» WORK REQUIRED:
Return only the lines below starting at the line containing "El Parque Nacional Alejandro de Humboldt" and ending at the line containing "High angle view of elephant in water", both included, exactly as they are and with no pictures.

» MATERIALS PROVIDED:
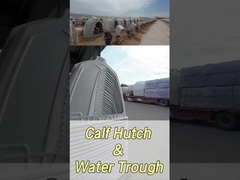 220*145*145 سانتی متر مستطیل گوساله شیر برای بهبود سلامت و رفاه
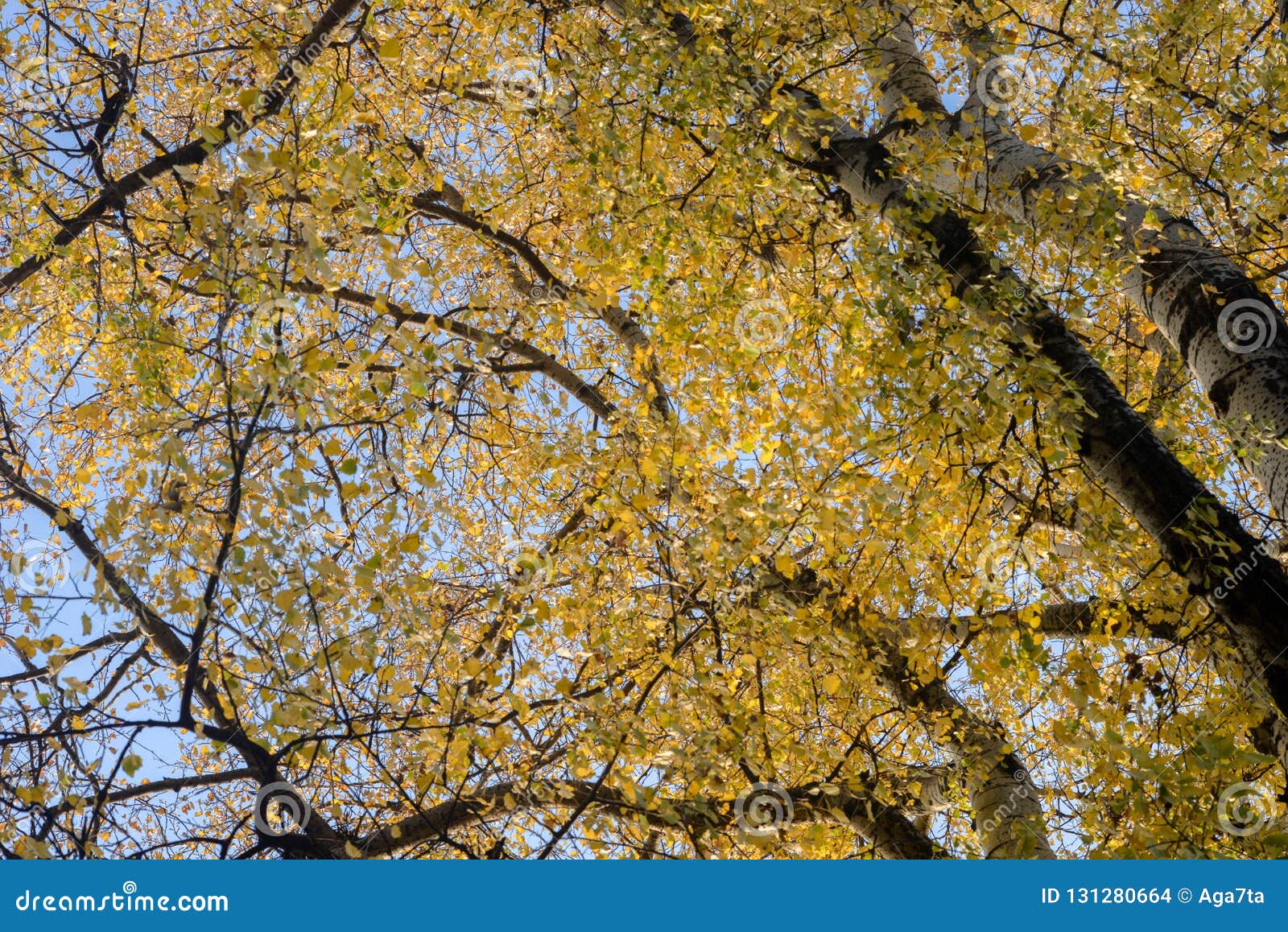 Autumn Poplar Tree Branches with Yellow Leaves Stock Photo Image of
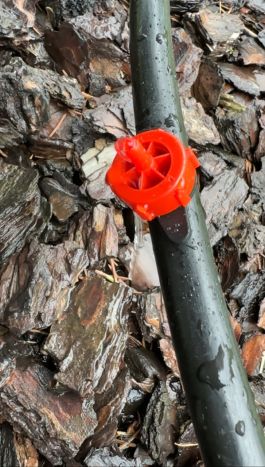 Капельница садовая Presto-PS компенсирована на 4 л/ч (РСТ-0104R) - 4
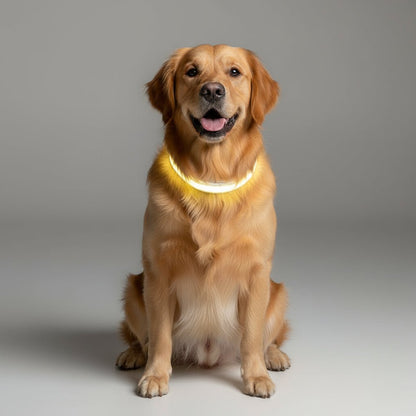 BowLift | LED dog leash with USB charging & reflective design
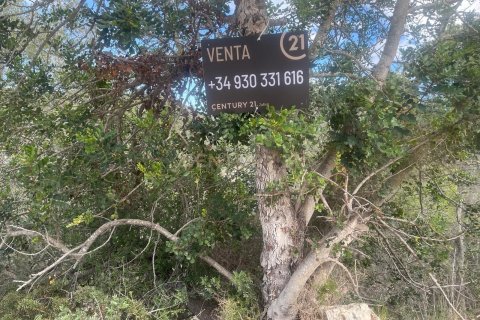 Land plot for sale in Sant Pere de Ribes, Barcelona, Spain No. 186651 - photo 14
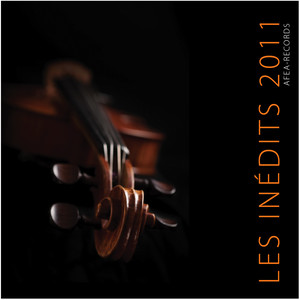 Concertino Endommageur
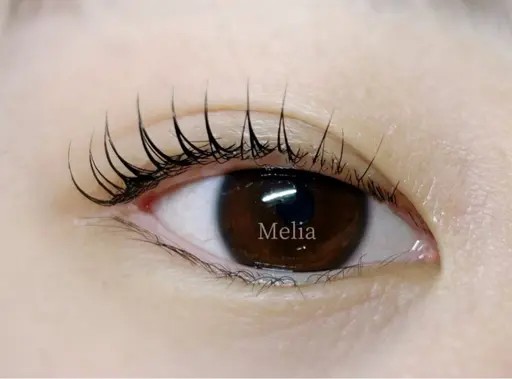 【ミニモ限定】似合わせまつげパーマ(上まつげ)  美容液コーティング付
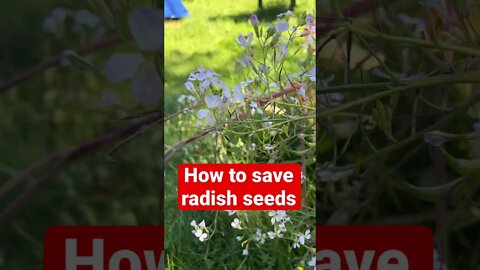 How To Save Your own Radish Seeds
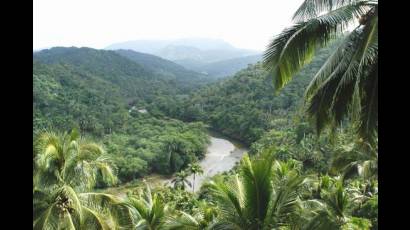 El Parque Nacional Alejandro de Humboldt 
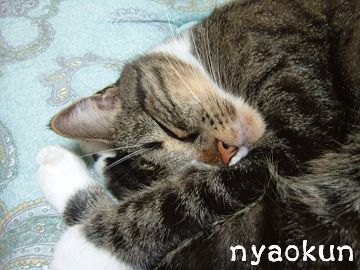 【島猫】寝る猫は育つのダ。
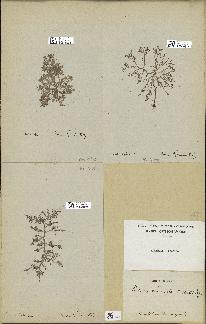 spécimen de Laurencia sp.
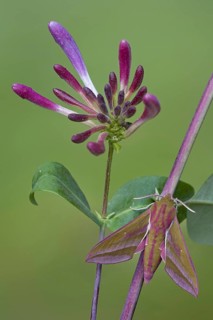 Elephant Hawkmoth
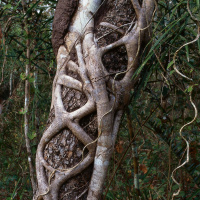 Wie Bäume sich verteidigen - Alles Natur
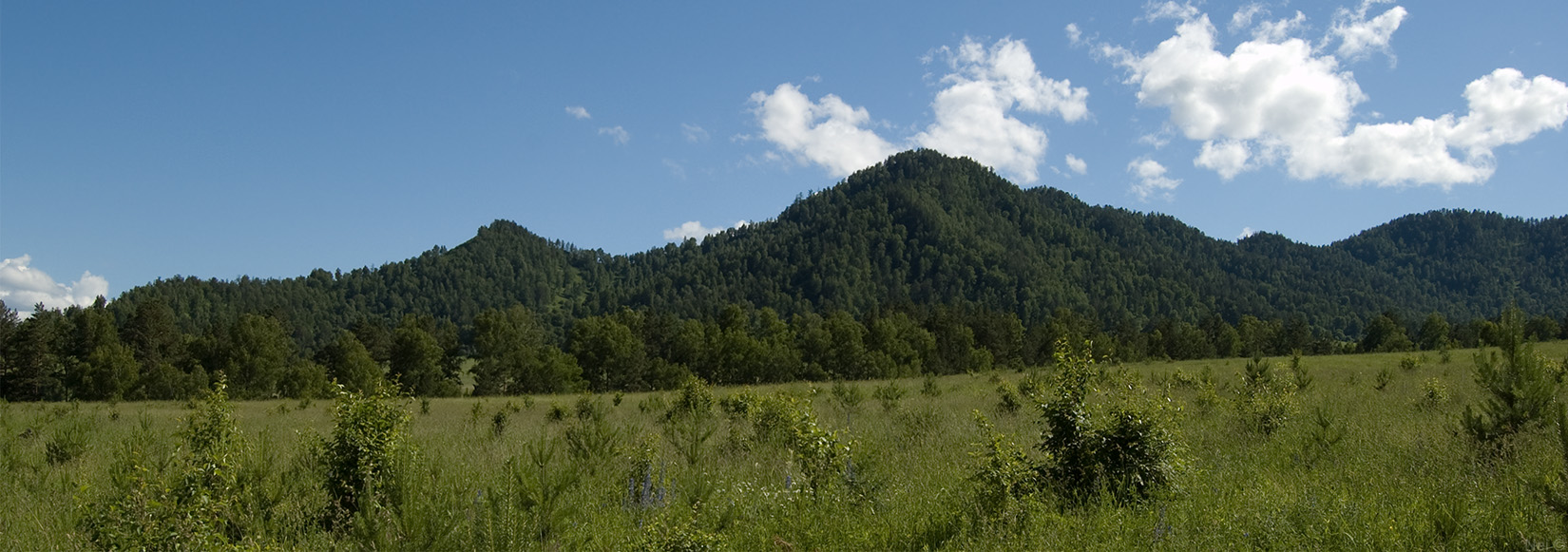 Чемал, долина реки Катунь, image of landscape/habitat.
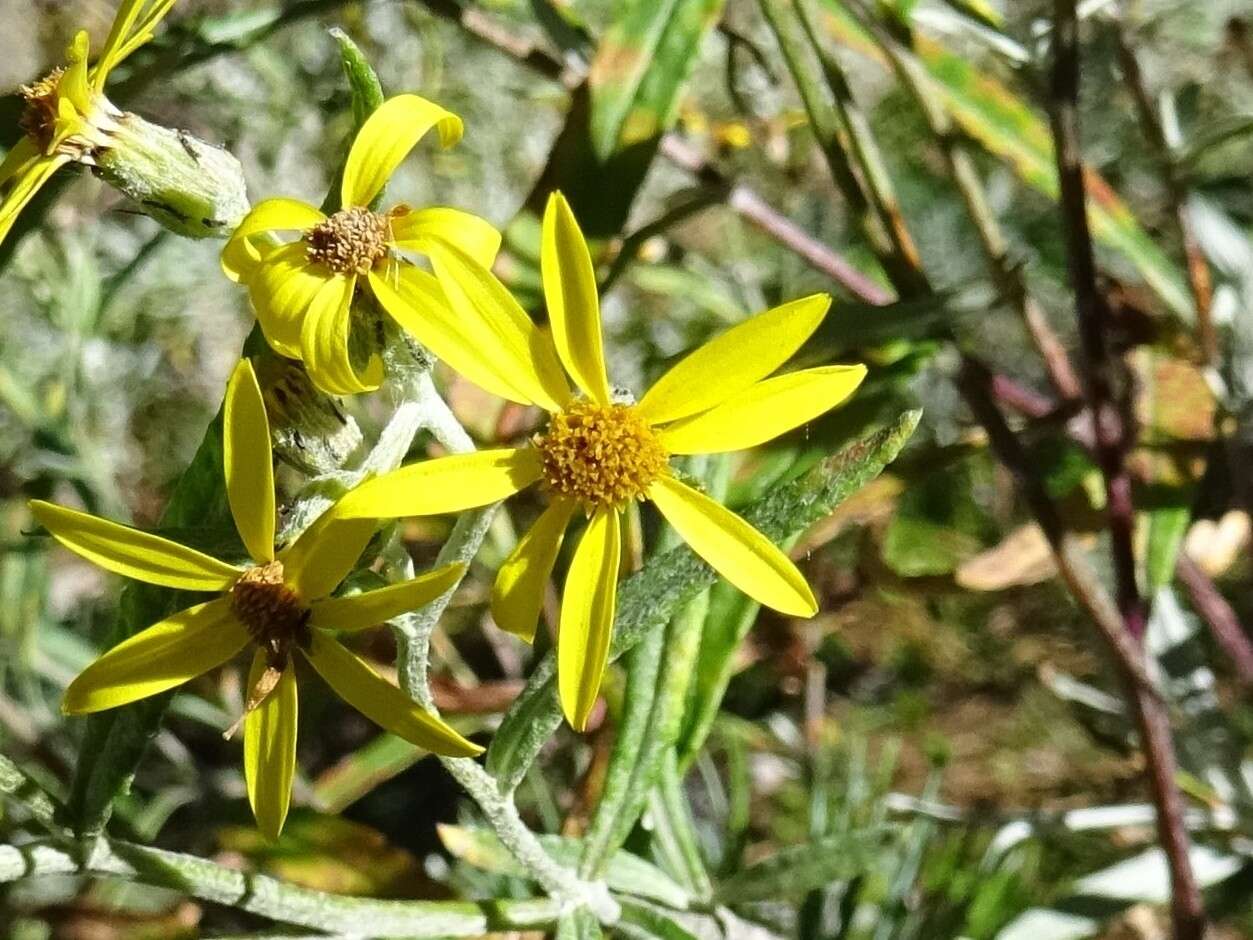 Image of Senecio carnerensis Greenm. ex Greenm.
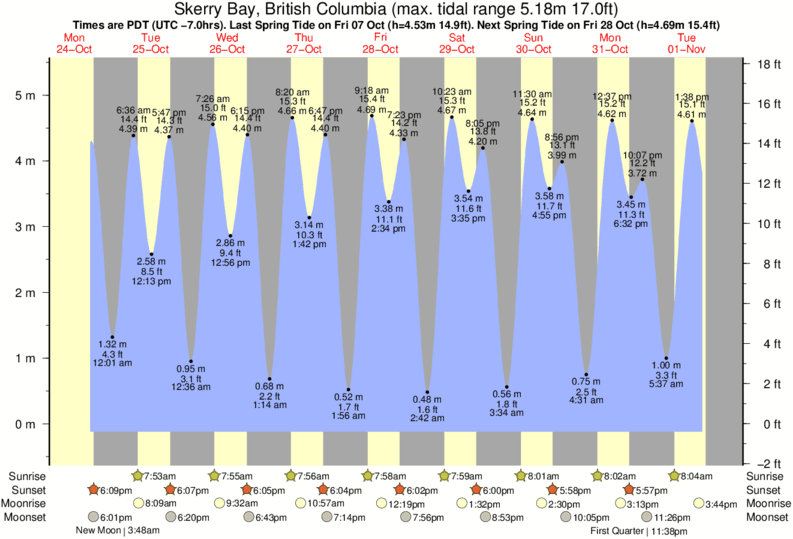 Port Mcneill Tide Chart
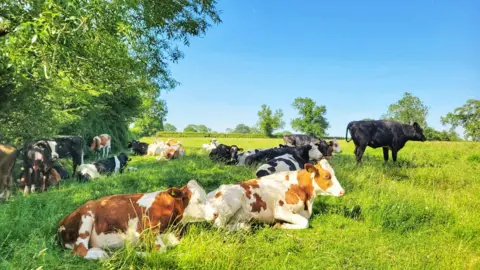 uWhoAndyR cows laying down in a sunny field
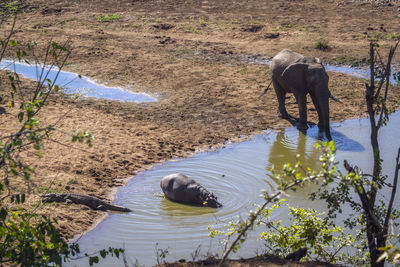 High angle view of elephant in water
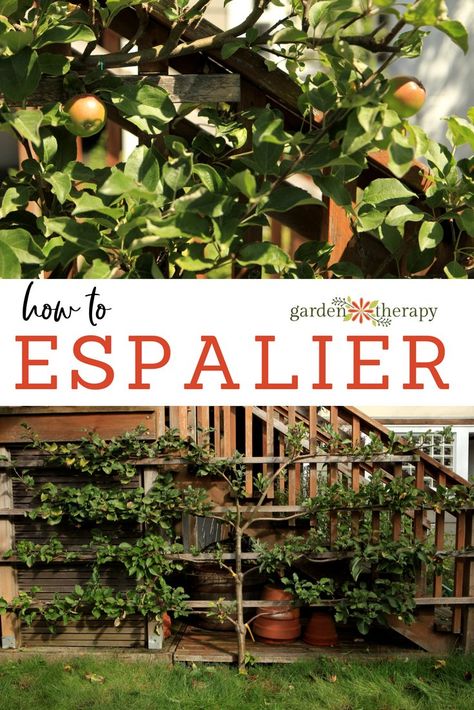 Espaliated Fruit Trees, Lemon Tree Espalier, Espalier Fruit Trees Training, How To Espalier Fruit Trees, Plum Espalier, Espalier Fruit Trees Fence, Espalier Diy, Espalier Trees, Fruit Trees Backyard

» ANSWER SPACE:
 El Parque Nacional Alejandro de Humboldt 
 【島猫】寝る猫は育つのダ。
 spécimen de Laurencia sp.
 Elephant Hawkmoth
 Wie Bäume sich verteidigen - Alles Natur
 Чемал, долина реки Катунь, image of landscape/habitat.
 Image of Senecio carnerensis Greenm. ex Greenm.
 Port Mcneill Tide Chart
 uWhoAndyR cows laying down in a sunny field
 High angle view of elephant in water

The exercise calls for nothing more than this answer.